I have a feeling this is just going to keep getting ugly. Please check the list of brands..

Salmonella Scare Forces Diamond Pet Foods Recall CBS New York



Diamond Dog Food Recall Summary


----------



## maltese#1fan (Feb 20, 2012)

It's getting to the point where we don't know what to feed our fluffs. :confused1:


----------



## shellbeme (Mar 1, 2011)

maltese#1fan said:


> It's getting to the point where we don't know what to feed our fluffs. :confused1:


Agreed.


----------



## Nervusrek (Apr 17, 2012)

That's quite an alarming list. I just "liked" the site on Facebook so that i can easily keep up with all the updates to the recall. Thanks for letting us know about the change, Shelly.


----------



## shellbeme (Mar 1, 2011)

I will try to keep up on the updates and I will keep it in this thread so we do not have too many of them. It makes me sad these were a lot of decent and affordable brands.


----------



## aksm4 (Nov 28, 2011)

I think Im seriously thinking home cooking !!!!!!!


----------



## SammieMom (Nov 13, 2010)

*Natural Balance told me Saturday!*

I called natural balance foods and they had a few of their dry kibble foods that went through this plant. They said they do their own screening as well for salmenila (sic) prior to shipment to public. But they did a voluntary recall. All NB canned wet foods or treats are made in Utah. 

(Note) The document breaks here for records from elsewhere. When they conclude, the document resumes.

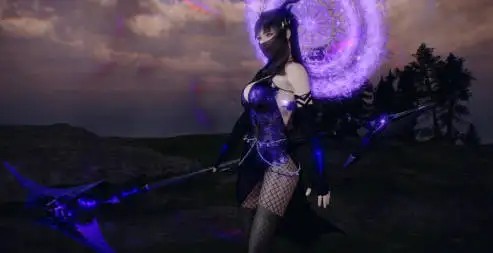 [3D中文][Meying]圣女失守1-2[247M]老色批福利社—lsp福利社老色批福利社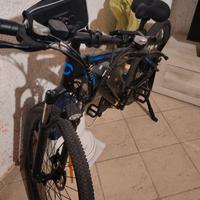 Bicicletta elettrica 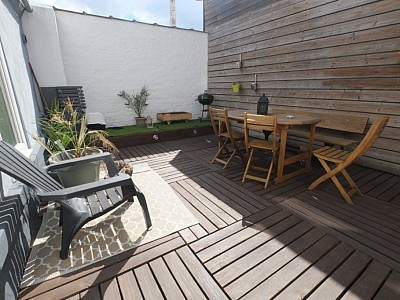 APPARTEMENT T3 - LILLE SUD - 63 m2 - 226000€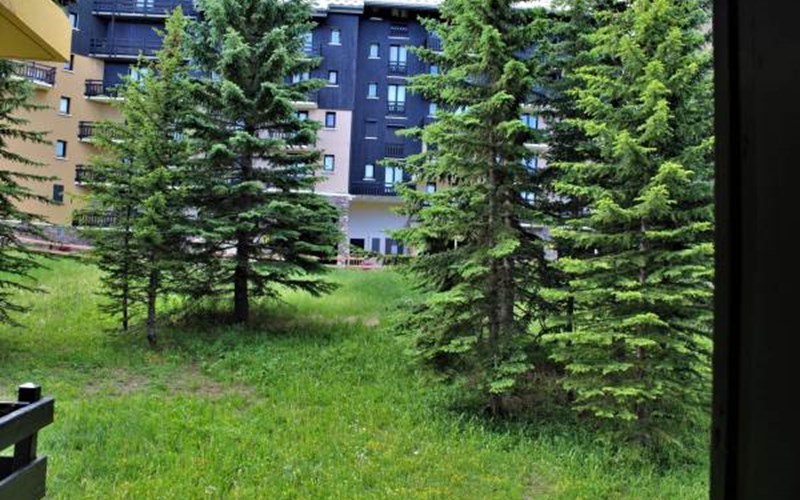 CLARINES A1 RSL310-35A1 - Appt Studio cabine Location CLARINES A1 RSL310-35A1 - Appt Studio cabine à RISOUL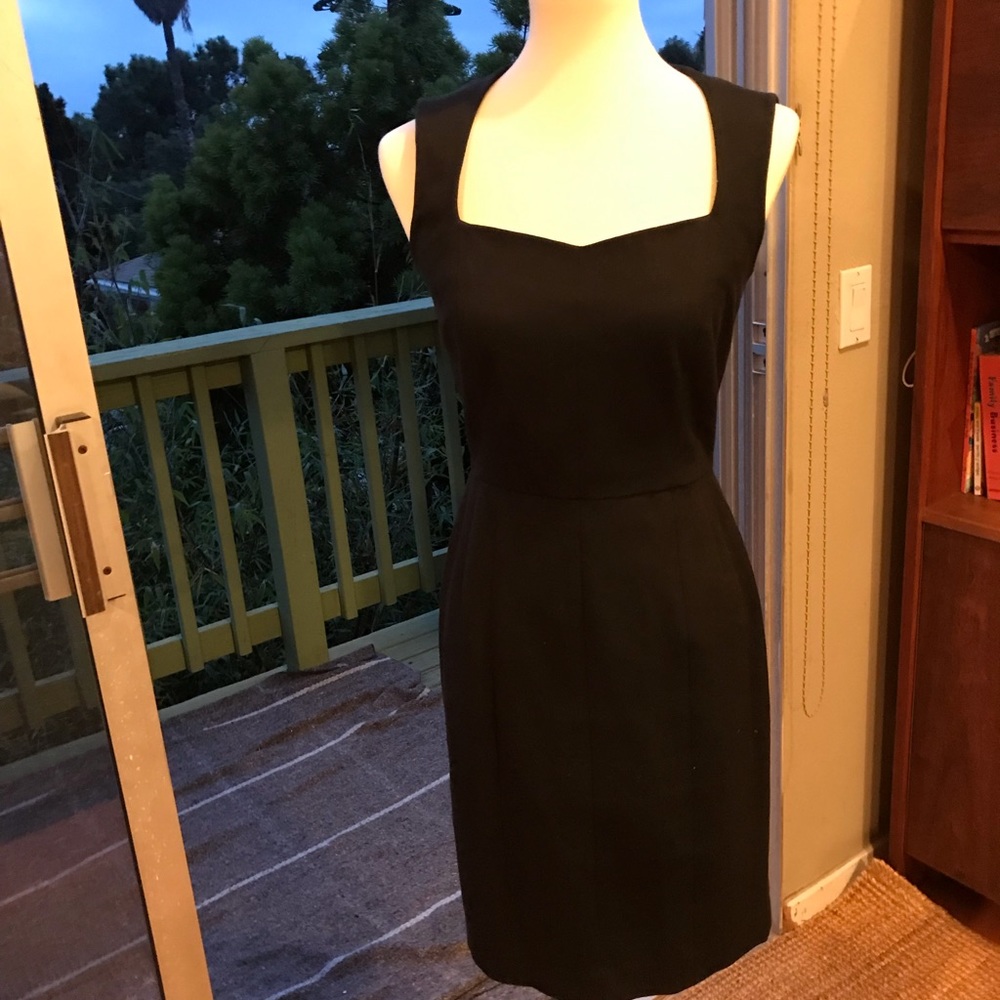 Banana Republic LBD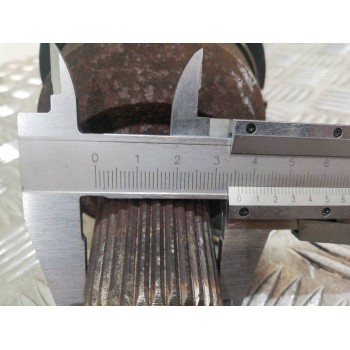 Recambio de transmision delantera izquierda para opel sintra cd referencia OEM IAM   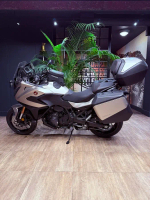 Honda NT1100DN (DCT)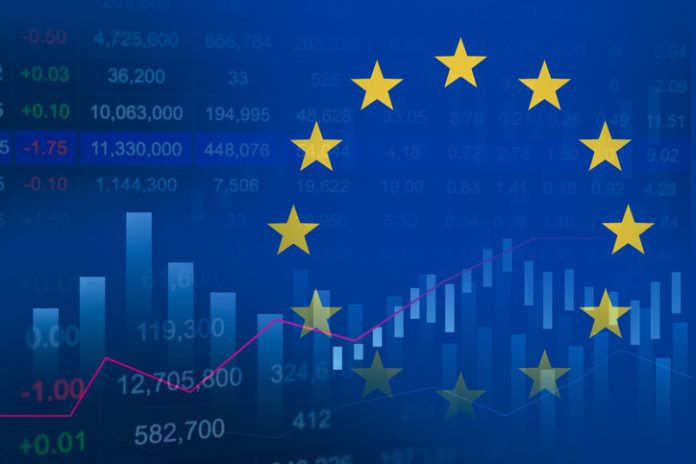 Data-Driven European Market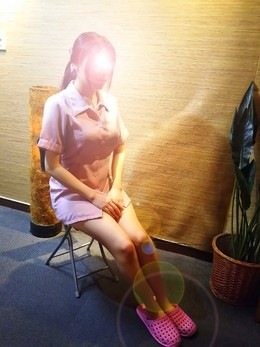 まりあのプロフィール写真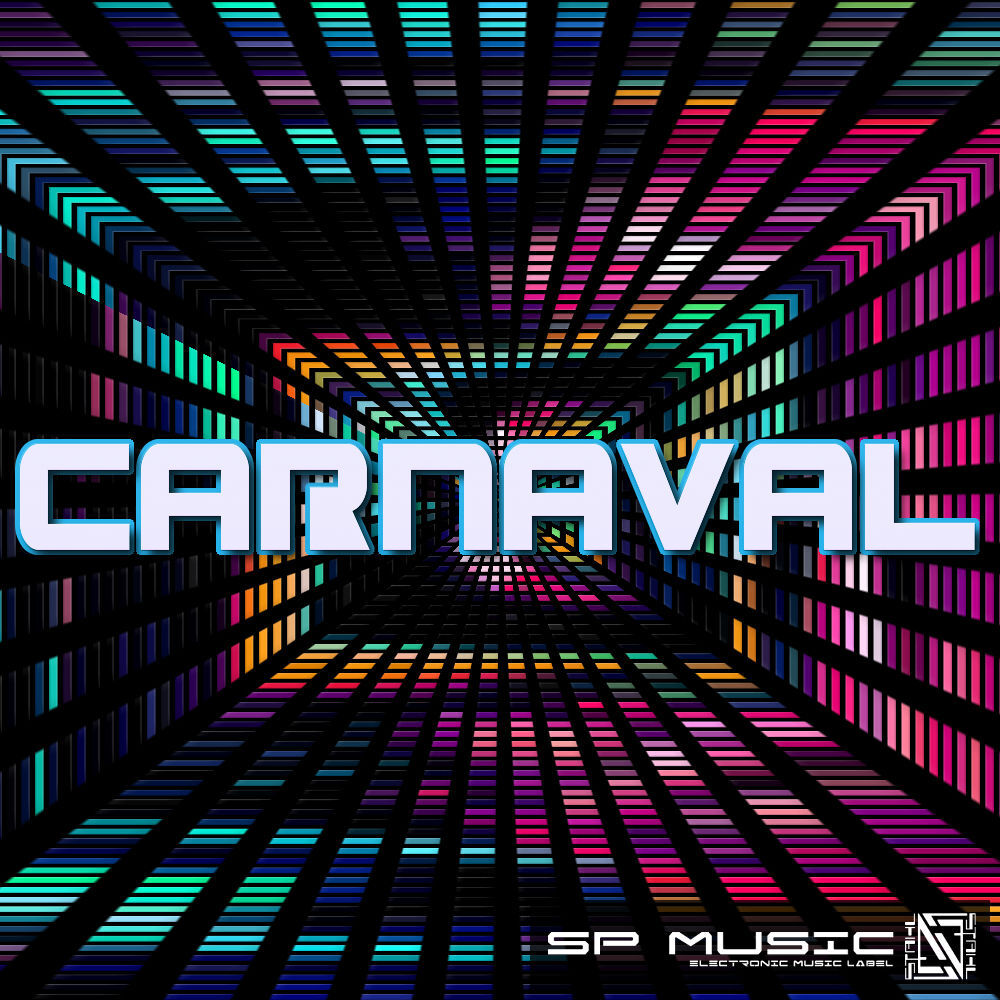 Picture of Carnaval EP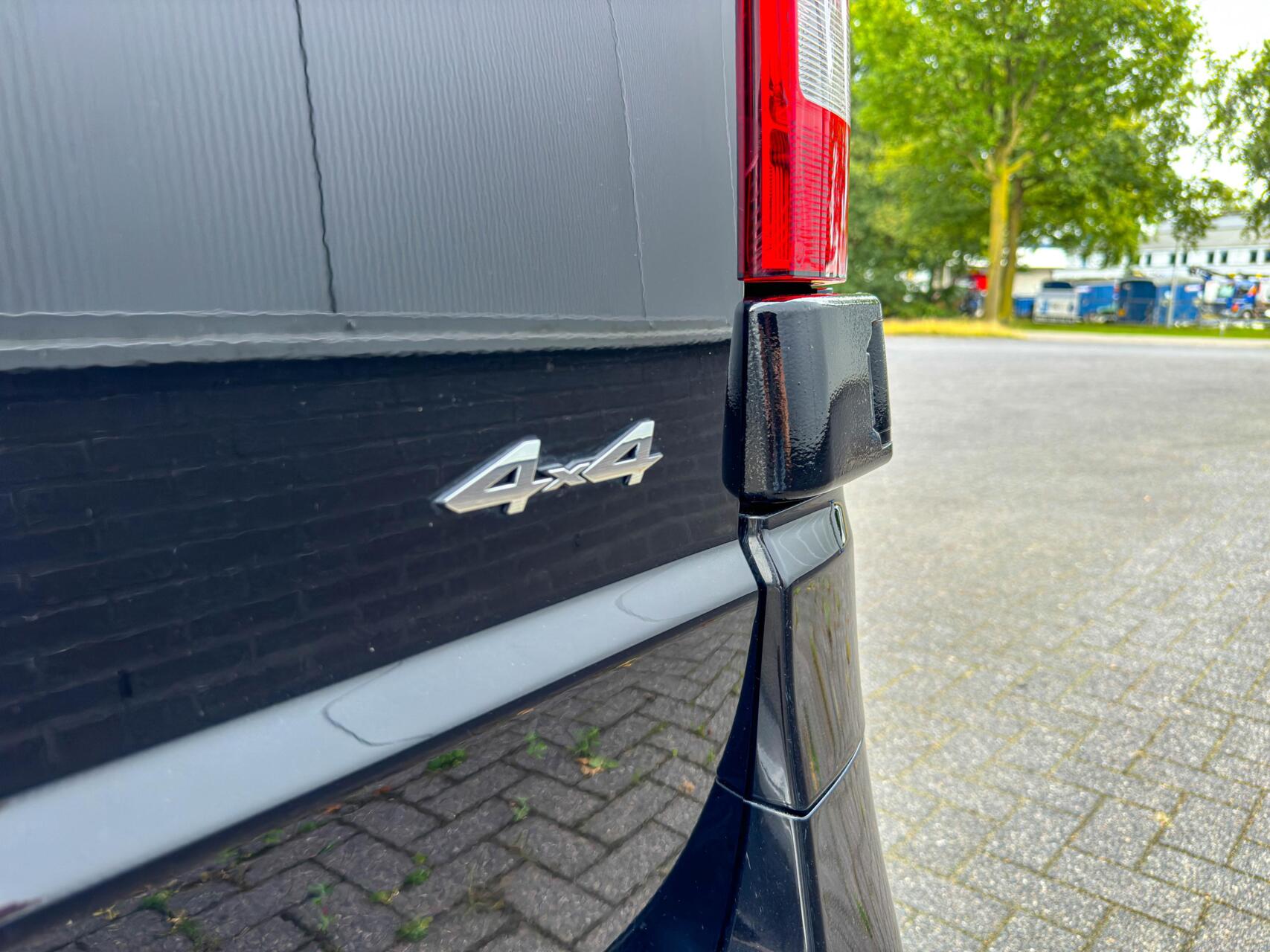 Foto van Mercedes-Benz Vito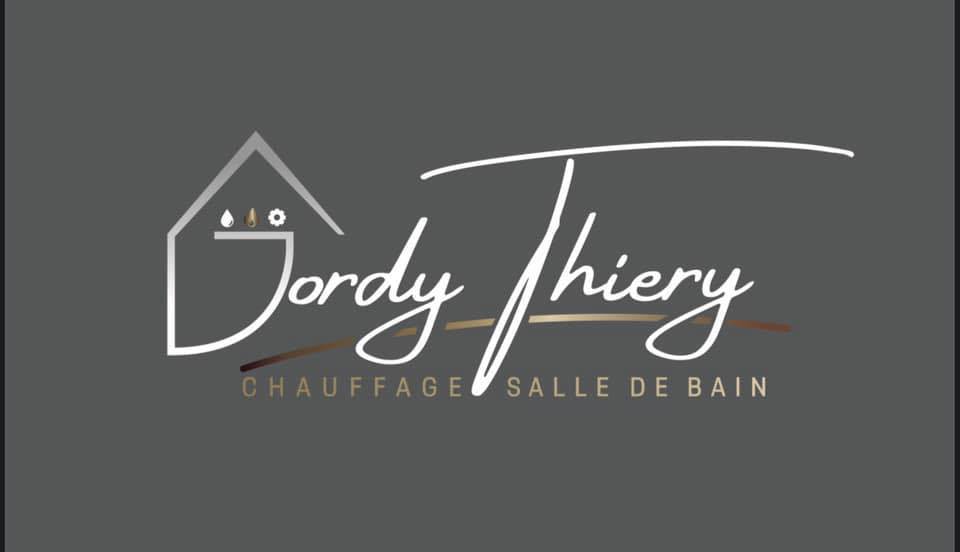 Sasu Jordy thiery - Chauffagiste à Charleville-Mézières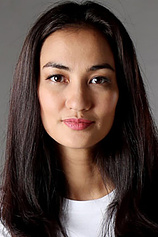 picture of actor Atiqah Hasiholan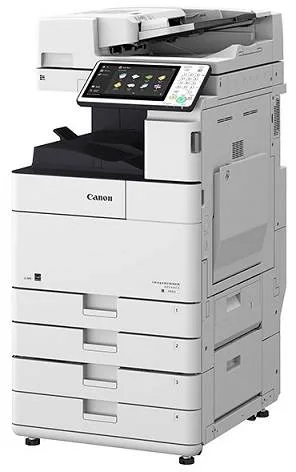 МФУ CANON imageRUNNER ADVANCE 4551i III MFP (3324C004)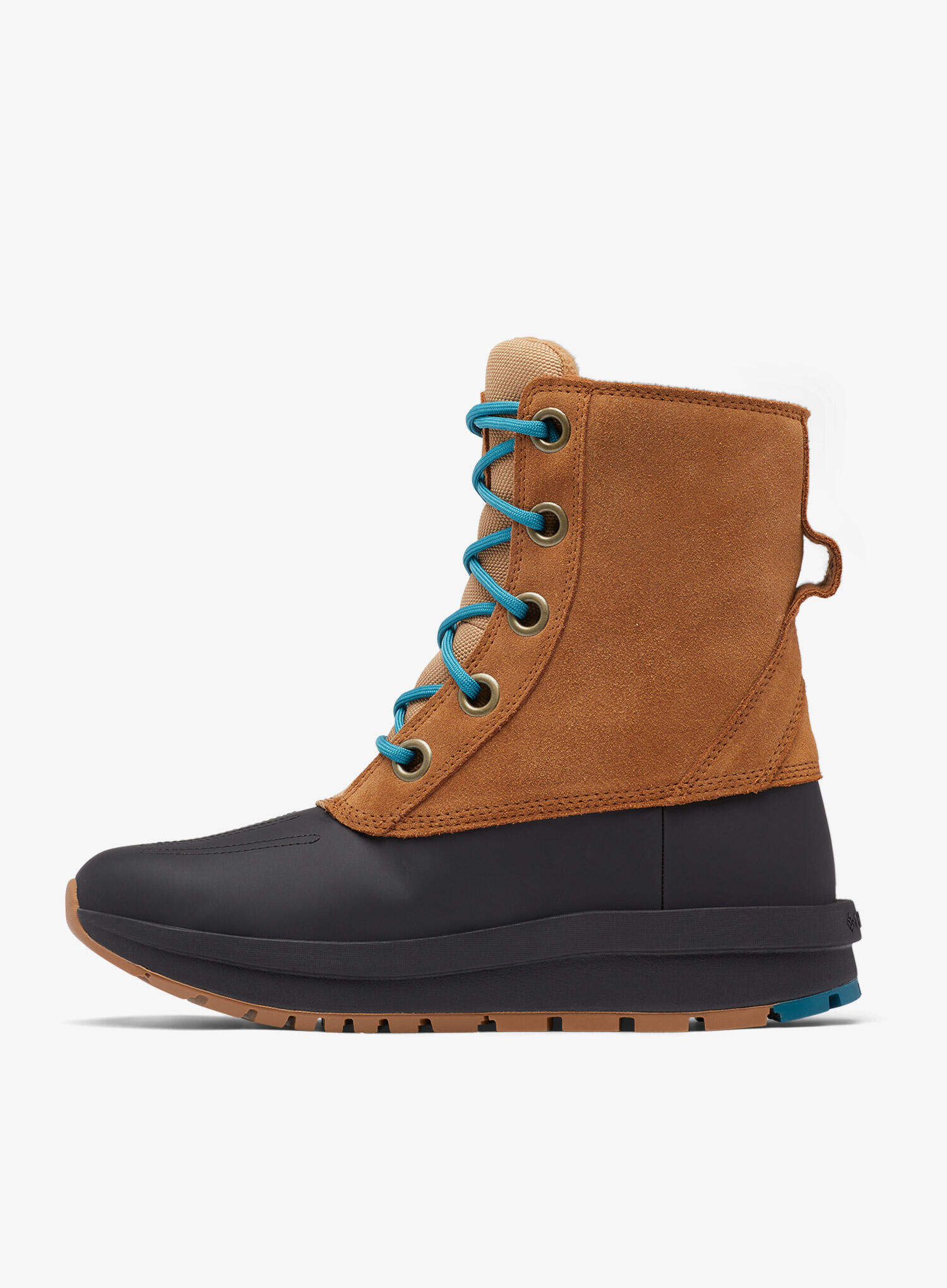 Botas de neve femininas Columbia Moritza Shield OH V2 5/7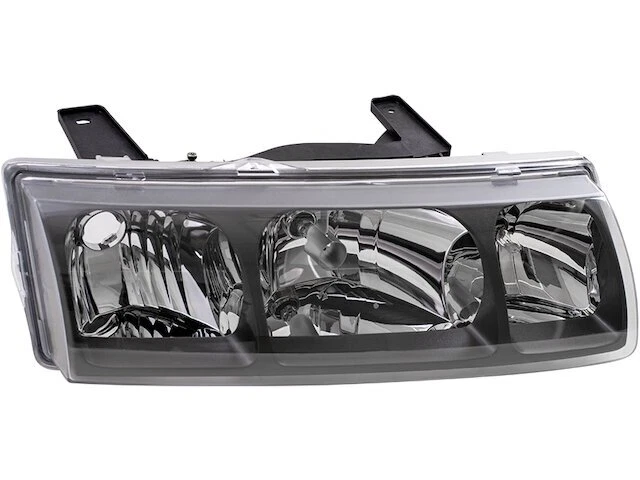 Right Headlight Assembly fits Saturn Vue 2002-2004 Sport Utility 4dr 22WDYW - Image 1 of 1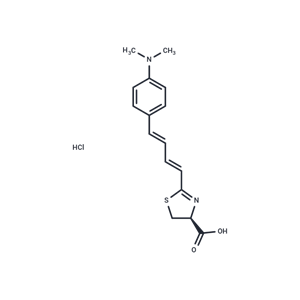 AkaLumine鹽酸鹽|T18914|TargetMol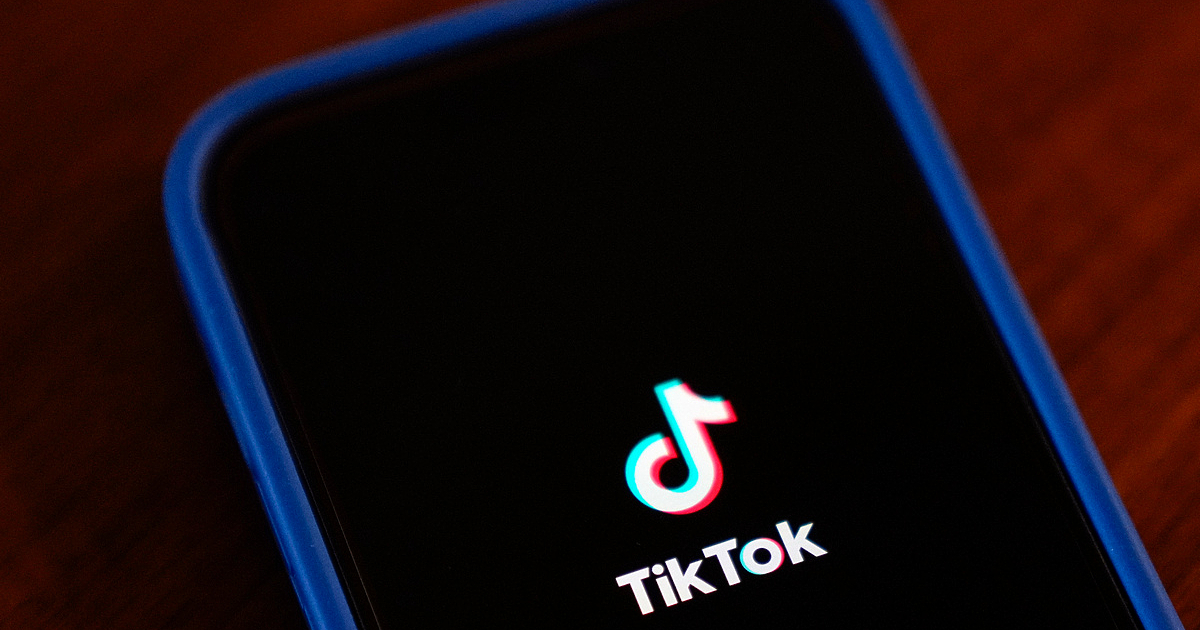 Пет британски семейства заведоха дело срещу TikTok в САЩ, обвинявайки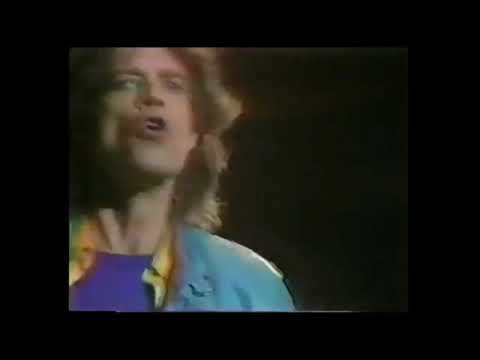 Lonely at the Top - Mick Jagger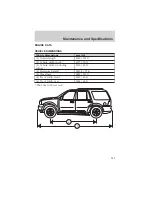 Предварительный просмотр 321 страницы Ford Content Owner'S Manual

So this is an FYI only for anyone new that comes into thread. But check for yourselves, just sharing what I found out Saturday from NB.


----------



## shellbeme (Mar 1, 2011)

Vitals - 16 now sick from salmonella in dry dog food; recall expands


----------



## SammieMom (Nov 13, 2010)

This is so scary isn't it Shelly. Seems once a year we go through this.


----------



## fran (Dec 22, 2011)

I feed my babies Taste of the Wild. That has been listed on the recall. So far my babies haven't gotten sick. I'm going to see if the retailer where I got them will take the food back. 
Fran


----------



## Summergirl73 (Sep 18, 2011)

I have to say, I'm thinking home cooking may be the way to go in our house. I'm allergic to everything under the sun, so I won't give Bella a lot of the foods that are out there ~ because it may cause a response in me  . Since I cook 99% of the food for myself, why not cook for her at the same time? She likes what I eat better anyway lol. I will research home cooking options on this site, but 1 primary question. How do you make sure fluffs are getting food that protects the strength of their teeth...since this is what I like best about the kibble?


----------



## allheart (Oct 3, 2008)

Summergirl73 said:


> I have to say, I'm thinking home cooking may be the way to go in our house. I'm allergic to everything under the sun, so I won't give Bella a lot of the foods that are out there ~ because it may cause a response in me  . Since I cook 99% of the food for myself, why not cook for her at the same time? She likes what I eat better anyway lol. I will research home cooking options on this site, but 1 primary question. How do you make sure fluffs are getting food that protects the strength of their teeth...since this is what I like best about the kibble?


 
Bridget, I have to say, I agree with you so much. Mia and Leo were on Tast of the Wild. Thank God, someone let me know, it was recalled. The odd thing was, the day before, or even two days before, be started to have an upset stomach  Hasn't since.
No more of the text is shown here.